_GIVEN RECORDS_:
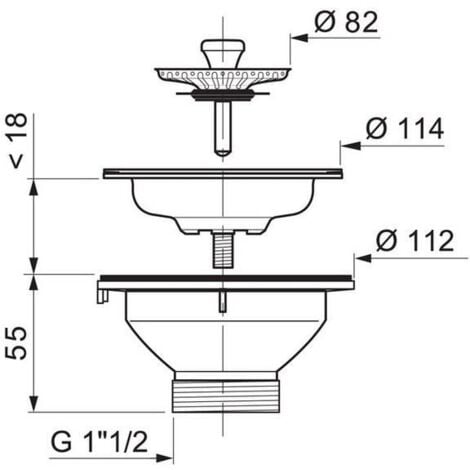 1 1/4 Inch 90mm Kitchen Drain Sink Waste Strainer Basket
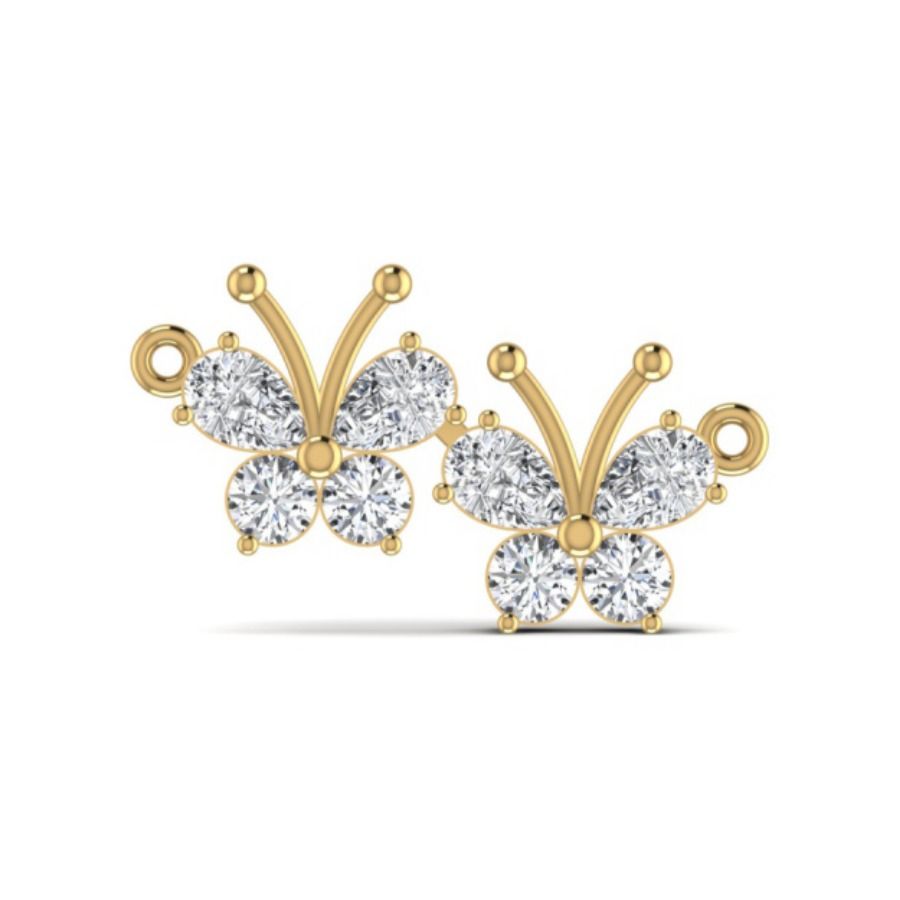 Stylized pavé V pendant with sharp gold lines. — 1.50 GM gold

---

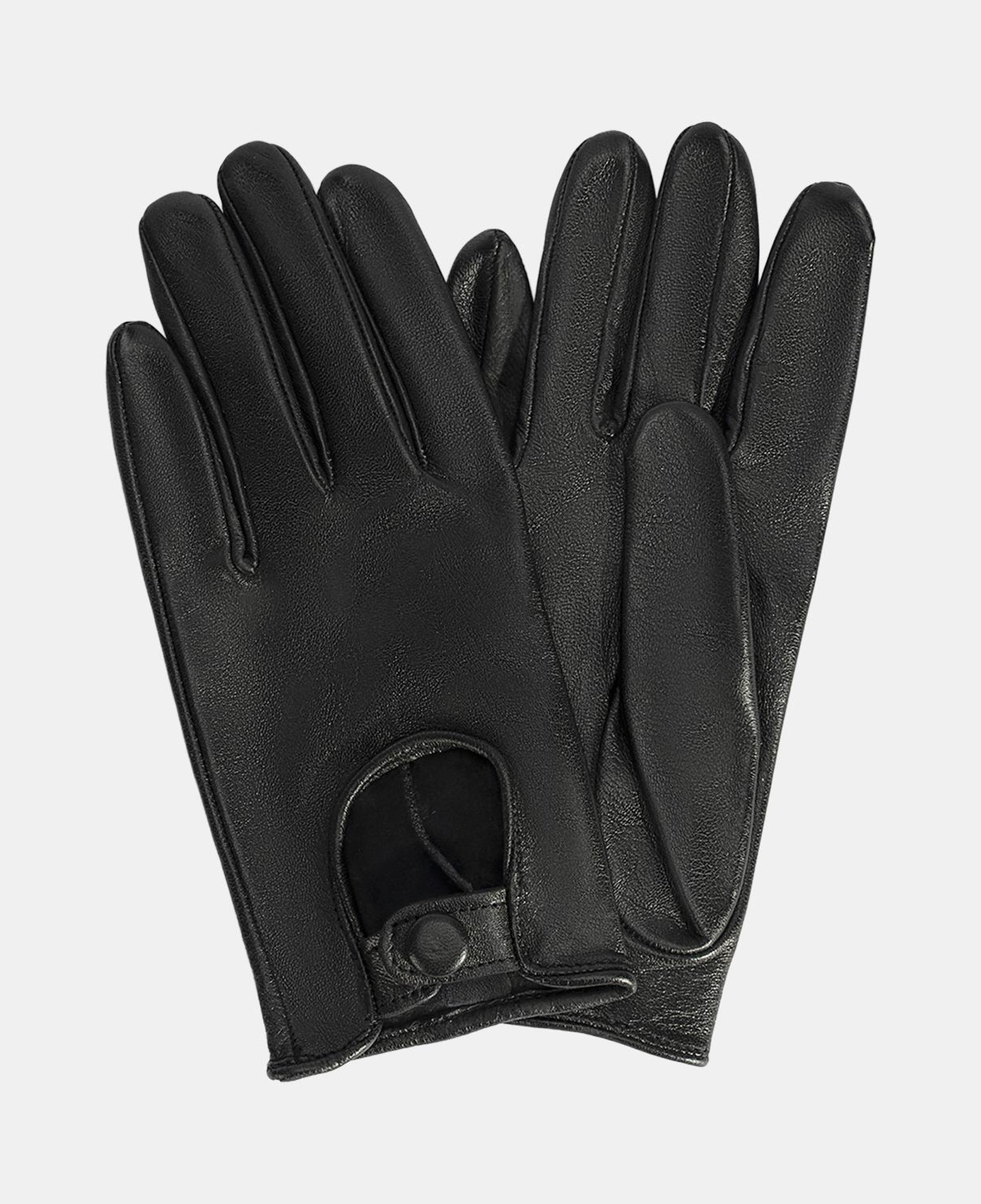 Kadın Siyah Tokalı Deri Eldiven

* * *

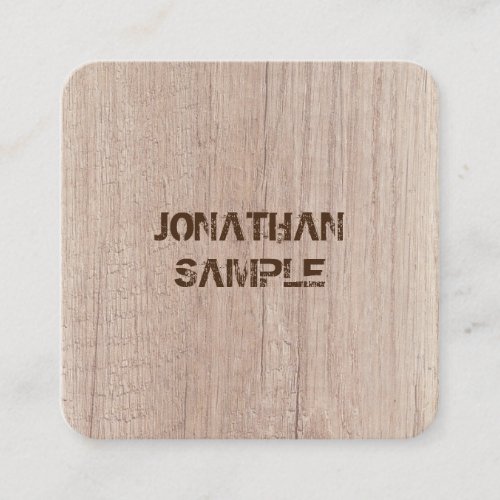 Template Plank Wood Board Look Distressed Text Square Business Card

_WORK ORDER_: In the listing above, find the line with "1 1/4 Inch 90mm" and the line with "Stylized pavé V". Copy exactly those lines and all between them, minus the images.

_SOLUTION TO THE EXERCISE_:
 1 1/4 Inch 90mm Kitchen Drain Sink Waste Strainer Basket
 Stylized pavé V pendant with sharp gold lines. — 1.50 GM gold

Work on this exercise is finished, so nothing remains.